/Embeddings

Training Word Embeddings and using them to perform Sentiment Analysis with attention based LSTMs

Primary LanguageJupyter Notebook

Embeddings

Training Word Embeddings and using them to perform Sentiment Analysis

About

Word Embeddings are vector representations of words of a language, and are trained over large collection of raw text. Here, we have trained word embeddings using the approach specified by the Neural Probabalistic Language Model. We use a large corpus of english text, drawn from a collection of novels from the 1880s, and use it to create a large number of context-target pair examples. The Embeddings are 64 dimensional, and are built over a vocabulary of the 25000 most frequent words of the corpus.

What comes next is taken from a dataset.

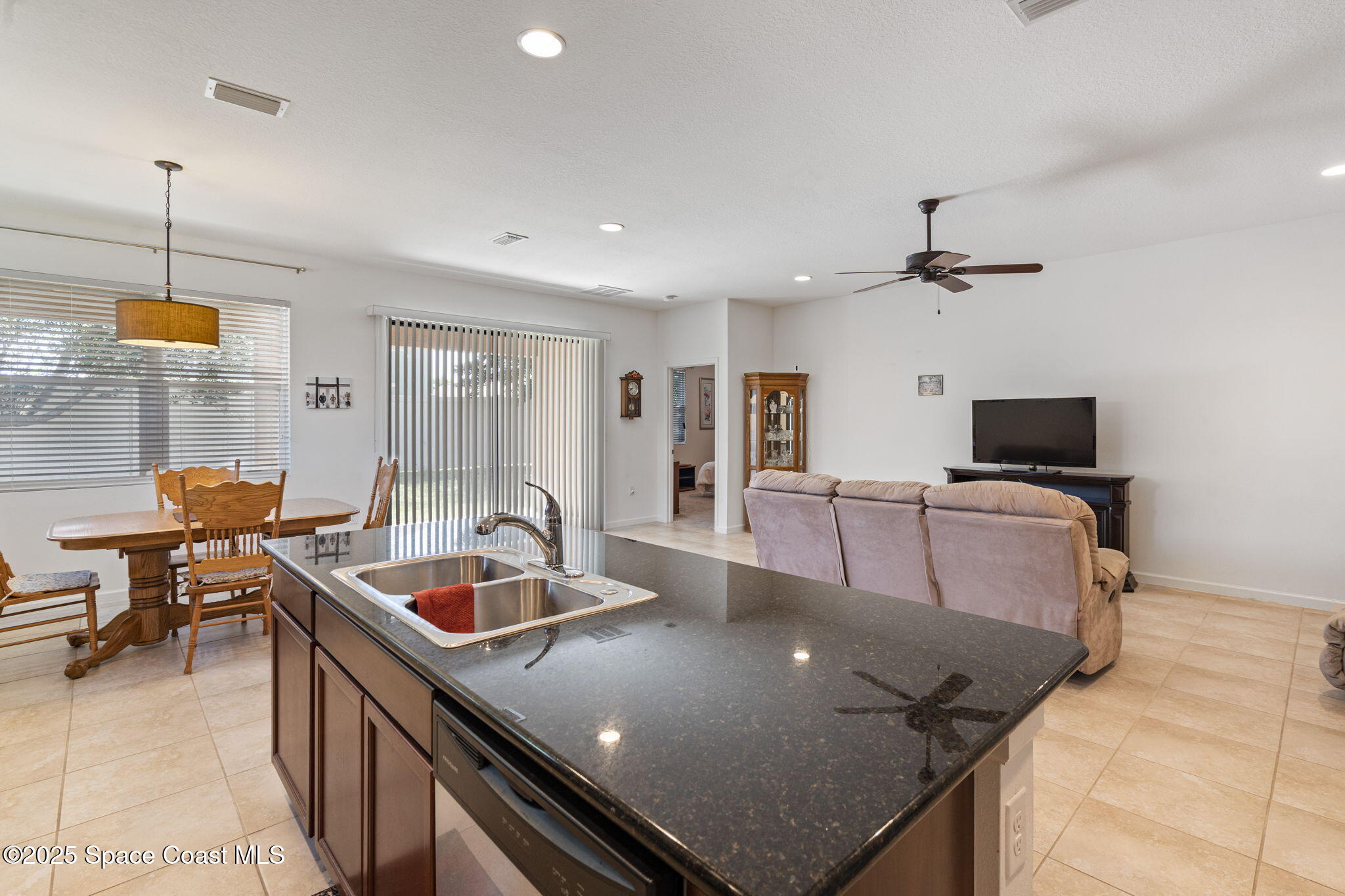 4015 Harvest Circle Rockledge, FL 32955 - Photo 11 of 40 a room with furniture pool table and windows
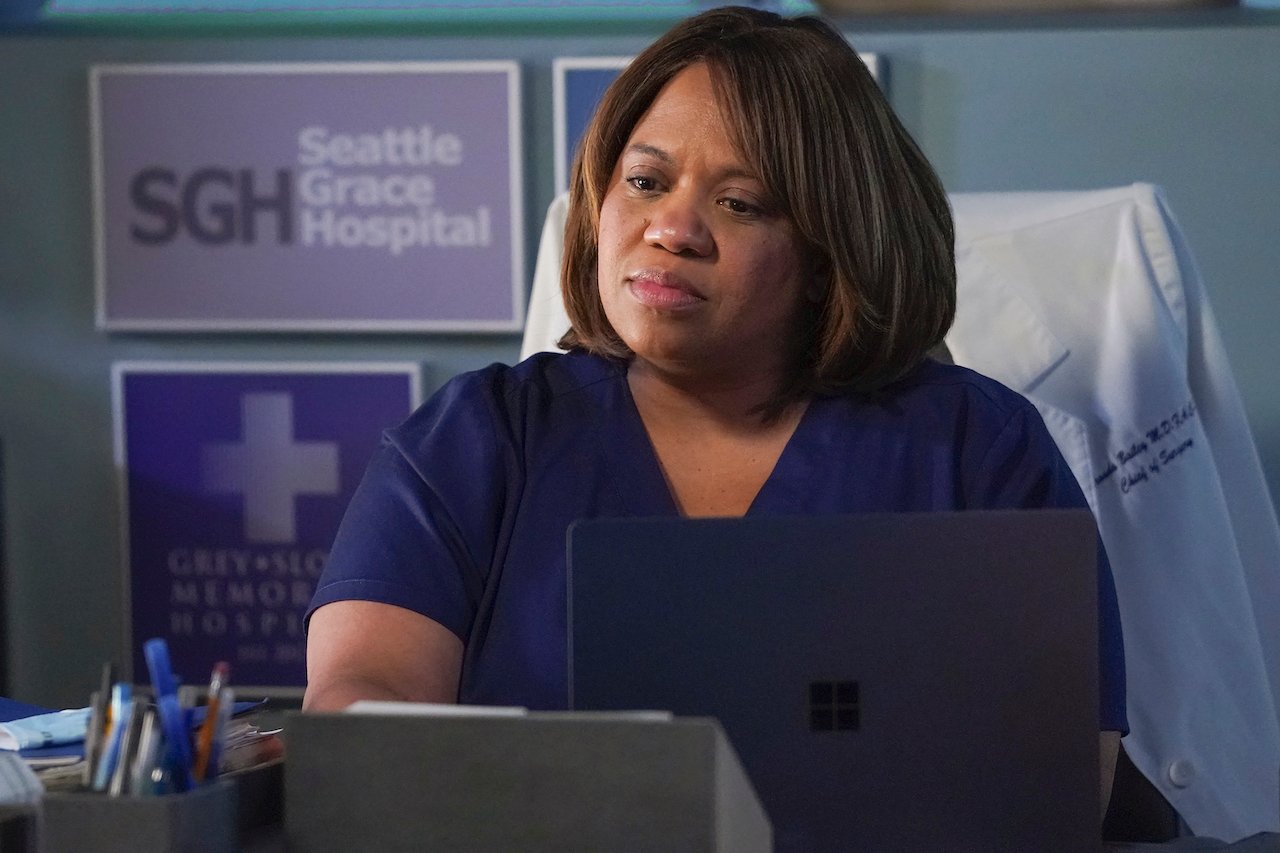 Chandra Wilson as Miranda Bailey on 'Grey's Anatomy' sits down looking at a laptop.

The trained embeddings are evaluated by a set of simple analogical reasoning tasks, and then mapped to 2-D using the t-SNE algorithm for visualization. Further, the trained embeddings are then used to perform Sentiment Analysis on the IMDB dataset of reviews. An attention based LSTM model, with a maximum input sequence length of 300 is used for the task of Sentiment Analysis. Its architecture is specified below

Demo

Here is a 2D plot of the embeddings of some words. (The high dimensional embeddings are converted to 2-D using the t-SNE algorithm)

As you can see, words conveying emotions such "sad", "melancholy", "happy" and "merry" are grouped together. Number words such as "two", "three", "four" and "five" are also grouped together. Words with similar meanings such as "under" and "beneath", and "run", "jump" and "leap" are also grouped together. Animal such as "cat", "dog", and "horse" are grouped together. Words carrying temporal meanings such as "month", "year" and "hour" are also grouped together. Further, words such "man", "woman", "king" and "queen" are grouped together as well.